Today marked our third class session in my class' refight of the battle of Germantown (1777) in glorious 15mm-o-vision. While the first sessions seemed to follow the historical script quite closely, today we took off in bold, and occasionally silly, new directions.
Quote of the day came from the two girls in the class (one fighting for the Continentals, one fighting for the British) who petitioned to form their own nation. "Can't we declare ourselves Australia and declare war on everyone else?"
The British Guard arrive on the field, surveying the battle and deciding to engage the militia to their left or the New England to the right. Note that the British artillerymen apparently found their blue coats too unfashinable and traded them in for a spiffy red. The teacher learns a valuable lesson: never paint from memory.
"Sir! The rebels have advanced on our flank!"
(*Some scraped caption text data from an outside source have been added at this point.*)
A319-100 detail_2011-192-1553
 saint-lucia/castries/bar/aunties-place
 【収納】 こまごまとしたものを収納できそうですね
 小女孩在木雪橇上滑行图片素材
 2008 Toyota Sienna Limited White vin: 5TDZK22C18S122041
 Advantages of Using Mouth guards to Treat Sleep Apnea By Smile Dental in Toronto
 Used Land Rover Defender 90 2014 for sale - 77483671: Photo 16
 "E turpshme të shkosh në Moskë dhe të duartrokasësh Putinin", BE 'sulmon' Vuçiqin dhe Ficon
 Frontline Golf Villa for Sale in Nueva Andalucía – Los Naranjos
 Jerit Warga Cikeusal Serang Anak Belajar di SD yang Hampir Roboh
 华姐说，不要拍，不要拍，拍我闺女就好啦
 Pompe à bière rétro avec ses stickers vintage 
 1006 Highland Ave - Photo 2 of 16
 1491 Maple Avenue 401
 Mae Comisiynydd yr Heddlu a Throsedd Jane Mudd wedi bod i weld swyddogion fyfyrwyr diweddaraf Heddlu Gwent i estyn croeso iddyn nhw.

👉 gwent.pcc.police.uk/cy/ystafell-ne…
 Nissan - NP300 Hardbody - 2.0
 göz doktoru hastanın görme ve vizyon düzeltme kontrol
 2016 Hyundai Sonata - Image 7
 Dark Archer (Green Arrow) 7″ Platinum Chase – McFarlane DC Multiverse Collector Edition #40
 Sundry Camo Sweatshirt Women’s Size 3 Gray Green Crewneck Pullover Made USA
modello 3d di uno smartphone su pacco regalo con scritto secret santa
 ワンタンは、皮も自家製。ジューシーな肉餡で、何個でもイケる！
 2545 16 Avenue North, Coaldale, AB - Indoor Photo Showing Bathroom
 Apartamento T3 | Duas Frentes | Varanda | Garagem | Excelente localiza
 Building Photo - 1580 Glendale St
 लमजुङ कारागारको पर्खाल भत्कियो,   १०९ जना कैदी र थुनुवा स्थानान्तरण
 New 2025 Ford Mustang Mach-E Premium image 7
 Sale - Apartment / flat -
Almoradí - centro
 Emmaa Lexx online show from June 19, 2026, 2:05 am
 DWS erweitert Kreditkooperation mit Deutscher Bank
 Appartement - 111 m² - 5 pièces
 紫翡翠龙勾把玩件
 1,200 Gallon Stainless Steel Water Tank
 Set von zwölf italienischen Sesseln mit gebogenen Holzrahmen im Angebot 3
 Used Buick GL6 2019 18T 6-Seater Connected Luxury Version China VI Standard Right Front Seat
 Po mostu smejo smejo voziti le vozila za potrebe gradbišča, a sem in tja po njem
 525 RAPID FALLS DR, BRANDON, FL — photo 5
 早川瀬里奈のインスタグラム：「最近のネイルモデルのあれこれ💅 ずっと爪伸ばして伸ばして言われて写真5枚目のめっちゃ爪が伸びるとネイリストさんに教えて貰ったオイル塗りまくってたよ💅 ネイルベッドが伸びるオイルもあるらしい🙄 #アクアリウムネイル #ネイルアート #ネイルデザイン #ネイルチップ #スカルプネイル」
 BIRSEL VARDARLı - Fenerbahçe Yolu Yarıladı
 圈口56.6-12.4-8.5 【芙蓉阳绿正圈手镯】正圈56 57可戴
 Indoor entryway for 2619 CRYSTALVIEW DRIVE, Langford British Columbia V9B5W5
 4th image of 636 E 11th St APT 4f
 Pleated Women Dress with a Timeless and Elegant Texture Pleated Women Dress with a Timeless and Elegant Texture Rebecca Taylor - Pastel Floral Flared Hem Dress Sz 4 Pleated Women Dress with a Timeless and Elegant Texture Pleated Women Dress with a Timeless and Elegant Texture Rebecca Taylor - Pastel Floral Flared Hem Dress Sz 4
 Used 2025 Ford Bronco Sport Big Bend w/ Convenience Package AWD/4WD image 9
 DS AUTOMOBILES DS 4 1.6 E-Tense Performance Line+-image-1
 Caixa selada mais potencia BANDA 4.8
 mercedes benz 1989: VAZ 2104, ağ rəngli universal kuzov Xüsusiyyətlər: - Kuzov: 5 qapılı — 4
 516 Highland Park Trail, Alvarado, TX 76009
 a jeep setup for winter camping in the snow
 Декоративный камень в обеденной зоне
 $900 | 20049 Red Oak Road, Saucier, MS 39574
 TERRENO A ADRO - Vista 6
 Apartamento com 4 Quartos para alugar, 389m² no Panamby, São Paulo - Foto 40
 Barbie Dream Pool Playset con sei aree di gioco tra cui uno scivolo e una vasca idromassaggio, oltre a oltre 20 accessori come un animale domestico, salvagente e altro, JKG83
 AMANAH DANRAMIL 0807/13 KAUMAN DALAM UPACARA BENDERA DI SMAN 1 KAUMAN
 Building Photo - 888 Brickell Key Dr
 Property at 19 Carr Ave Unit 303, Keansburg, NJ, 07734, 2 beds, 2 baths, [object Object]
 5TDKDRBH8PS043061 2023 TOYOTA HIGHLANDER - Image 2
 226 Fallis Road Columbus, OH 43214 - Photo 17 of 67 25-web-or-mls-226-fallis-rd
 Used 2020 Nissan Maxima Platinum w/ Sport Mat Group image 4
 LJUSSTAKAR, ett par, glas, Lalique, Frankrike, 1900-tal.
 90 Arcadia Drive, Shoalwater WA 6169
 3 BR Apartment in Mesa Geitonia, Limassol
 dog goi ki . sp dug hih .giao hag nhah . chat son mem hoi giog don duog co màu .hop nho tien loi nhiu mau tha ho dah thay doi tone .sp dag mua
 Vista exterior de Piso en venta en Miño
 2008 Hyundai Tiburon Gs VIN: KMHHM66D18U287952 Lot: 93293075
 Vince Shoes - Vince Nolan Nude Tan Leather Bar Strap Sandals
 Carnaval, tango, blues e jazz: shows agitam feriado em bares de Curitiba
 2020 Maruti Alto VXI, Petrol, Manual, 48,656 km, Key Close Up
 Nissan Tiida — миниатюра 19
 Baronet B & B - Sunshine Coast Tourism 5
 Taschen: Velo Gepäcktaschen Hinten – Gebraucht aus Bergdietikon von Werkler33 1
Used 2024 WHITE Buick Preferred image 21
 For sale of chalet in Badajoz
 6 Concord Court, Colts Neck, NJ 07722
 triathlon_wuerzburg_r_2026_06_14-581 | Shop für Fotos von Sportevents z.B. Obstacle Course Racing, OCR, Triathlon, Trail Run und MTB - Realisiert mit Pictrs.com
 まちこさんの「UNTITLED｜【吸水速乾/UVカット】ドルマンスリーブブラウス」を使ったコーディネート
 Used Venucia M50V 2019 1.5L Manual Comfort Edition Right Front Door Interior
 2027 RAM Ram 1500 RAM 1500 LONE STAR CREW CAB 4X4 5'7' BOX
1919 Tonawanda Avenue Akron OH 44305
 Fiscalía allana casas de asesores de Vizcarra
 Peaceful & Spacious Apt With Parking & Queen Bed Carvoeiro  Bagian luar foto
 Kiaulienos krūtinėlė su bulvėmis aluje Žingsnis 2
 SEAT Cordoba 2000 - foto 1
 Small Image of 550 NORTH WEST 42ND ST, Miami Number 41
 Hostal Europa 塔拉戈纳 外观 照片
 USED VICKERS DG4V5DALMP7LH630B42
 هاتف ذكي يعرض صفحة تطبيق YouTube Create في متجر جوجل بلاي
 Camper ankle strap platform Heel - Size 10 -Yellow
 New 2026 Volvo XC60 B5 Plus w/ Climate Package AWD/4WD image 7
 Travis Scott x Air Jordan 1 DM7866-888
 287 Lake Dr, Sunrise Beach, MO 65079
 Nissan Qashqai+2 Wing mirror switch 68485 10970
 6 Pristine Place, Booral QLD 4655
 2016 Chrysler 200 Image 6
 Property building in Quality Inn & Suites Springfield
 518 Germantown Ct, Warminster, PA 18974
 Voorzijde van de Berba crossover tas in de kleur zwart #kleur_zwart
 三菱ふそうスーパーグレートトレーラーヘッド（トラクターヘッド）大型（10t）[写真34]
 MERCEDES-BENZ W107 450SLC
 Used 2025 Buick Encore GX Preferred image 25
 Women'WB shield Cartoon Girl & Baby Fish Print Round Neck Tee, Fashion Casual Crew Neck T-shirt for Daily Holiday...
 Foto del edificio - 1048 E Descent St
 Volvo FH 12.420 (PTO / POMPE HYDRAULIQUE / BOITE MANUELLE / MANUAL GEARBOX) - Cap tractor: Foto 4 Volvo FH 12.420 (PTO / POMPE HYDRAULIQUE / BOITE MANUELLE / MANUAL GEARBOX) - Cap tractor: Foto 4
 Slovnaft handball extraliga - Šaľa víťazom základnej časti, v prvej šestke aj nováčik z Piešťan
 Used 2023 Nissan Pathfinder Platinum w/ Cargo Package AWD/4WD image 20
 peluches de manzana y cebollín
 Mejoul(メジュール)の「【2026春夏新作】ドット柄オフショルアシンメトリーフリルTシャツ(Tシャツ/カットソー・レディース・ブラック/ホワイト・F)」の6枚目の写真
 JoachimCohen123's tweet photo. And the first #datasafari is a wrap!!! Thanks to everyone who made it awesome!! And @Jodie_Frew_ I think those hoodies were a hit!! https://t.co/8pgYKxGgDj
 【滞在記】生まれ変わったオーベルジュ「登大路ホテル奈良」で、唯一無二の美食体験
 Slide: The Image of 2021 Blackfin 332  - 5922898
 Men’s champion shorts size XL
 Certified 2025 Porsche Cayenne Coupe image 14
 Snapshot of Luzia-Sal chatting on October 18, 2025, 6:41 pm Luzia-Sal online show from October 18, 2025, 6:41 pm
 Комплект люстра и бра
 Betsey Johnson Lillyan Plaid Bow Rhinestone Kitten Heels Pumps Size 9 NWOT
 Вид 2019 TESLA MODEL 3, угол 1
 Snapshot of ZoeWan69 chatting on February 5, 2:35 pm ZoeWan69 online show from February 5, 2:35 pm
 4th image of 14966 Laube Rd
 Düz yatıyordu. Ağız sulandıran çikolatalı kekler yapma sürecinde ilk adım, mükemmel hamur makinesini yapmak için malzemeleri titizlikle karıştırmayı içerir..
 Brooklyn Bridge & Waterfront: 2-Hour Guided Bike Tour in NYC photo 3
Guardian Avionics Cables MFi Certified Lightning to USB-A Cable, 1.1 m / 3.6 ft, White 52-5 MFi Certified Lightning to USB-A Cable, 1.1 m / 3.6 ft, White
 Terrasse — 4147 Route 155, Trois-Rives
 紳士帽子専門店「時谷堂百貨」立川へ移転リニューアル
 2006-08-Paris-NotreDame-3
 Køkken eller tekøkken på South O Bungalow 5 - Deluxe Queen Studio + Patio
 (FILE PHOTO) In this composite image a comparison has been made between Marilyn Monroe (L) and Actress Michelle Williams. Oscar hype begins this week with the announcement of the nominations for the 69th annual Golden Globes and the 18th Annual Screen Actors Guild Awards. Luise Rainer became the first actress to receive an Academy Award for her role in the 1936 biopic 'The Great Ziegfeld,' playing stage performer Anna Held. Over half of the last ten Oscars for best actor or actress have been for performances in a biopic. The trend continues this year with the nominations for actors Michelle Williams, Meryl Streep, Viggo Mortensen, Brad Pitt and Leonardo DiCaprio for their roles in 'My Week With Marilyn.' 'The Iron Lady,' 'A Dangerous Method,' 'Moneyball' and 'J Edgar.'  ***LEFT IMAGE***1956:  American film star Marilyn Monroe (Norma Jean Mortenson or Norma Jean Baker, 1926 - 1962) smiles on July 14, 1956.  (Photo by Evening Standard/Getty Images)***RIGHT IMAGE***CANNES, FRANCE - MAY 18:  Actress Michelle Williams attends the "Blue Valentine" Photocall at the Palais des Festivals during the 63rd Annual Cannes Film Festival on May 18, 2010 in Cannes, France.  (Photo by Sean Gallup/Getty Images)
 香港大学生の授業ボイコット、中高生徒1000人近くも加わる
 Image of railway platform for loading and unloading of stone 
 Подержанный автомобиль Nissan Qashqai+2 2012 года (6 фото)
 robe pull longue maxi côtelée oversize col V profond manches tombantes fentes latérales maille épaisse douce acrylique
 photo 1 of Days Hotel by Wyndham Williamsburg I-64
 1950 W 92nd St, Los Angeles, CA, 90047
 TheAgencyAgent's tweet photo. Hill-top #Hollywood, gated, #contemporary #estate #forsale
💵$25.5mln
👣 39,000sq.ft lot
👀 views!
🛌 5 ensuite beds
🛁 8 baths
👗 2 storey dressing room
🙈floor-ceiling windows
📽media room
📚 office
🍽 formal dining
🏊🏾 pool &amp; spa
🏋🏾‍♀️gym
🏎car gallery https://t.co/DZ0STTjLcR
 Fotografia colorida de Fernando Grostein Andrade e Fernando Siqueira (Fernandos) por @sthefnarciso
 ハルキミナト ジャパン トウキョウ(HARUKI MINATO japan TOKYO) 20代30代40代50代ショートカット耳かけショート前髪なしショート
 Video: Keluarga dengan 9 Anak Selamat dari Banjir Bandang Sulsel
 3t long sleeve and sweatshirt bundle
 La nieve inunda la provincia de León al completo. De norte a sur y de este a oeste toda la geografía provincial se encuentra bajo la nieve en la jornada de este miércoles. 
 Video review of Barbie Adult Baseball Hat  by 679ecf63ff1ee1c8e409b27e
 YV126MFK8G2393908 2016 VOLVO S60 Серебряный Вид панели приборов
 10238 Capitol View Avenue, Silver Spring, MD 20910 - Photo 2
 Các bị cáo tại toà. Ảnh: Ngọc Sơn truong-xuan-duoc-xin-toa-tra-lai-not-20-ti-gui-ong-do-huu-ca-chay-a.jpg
"Have we taken any casualties yet?
"What are they firing? Marshmellows?"
General Grant, his troops apparently mounted on snails, creeps towards the battlefield. By turn five, his troops were finally able to deploy into line. In our next class session on next Tuesday, he may actually bring them into firing range.
Sam (General Howe) learns the meaning of the word "retreat." He also learns the meaning of the word "ouch."
Most of the games I run with students develop into confusing scrums like this. Individual units get sent off to meet a distant threat, and soon each commander has units all over the battlefield, each one struggling to maintain communication with their commander. This was the scene after the Americans caught up with the British light infantry who fled the Chew House. On the left side of the photo, the brigade which was sent to relieve them is now fighting for their lives.
Both sides finally came up with a battle plan. Sun Tzu's job is safe for the time being.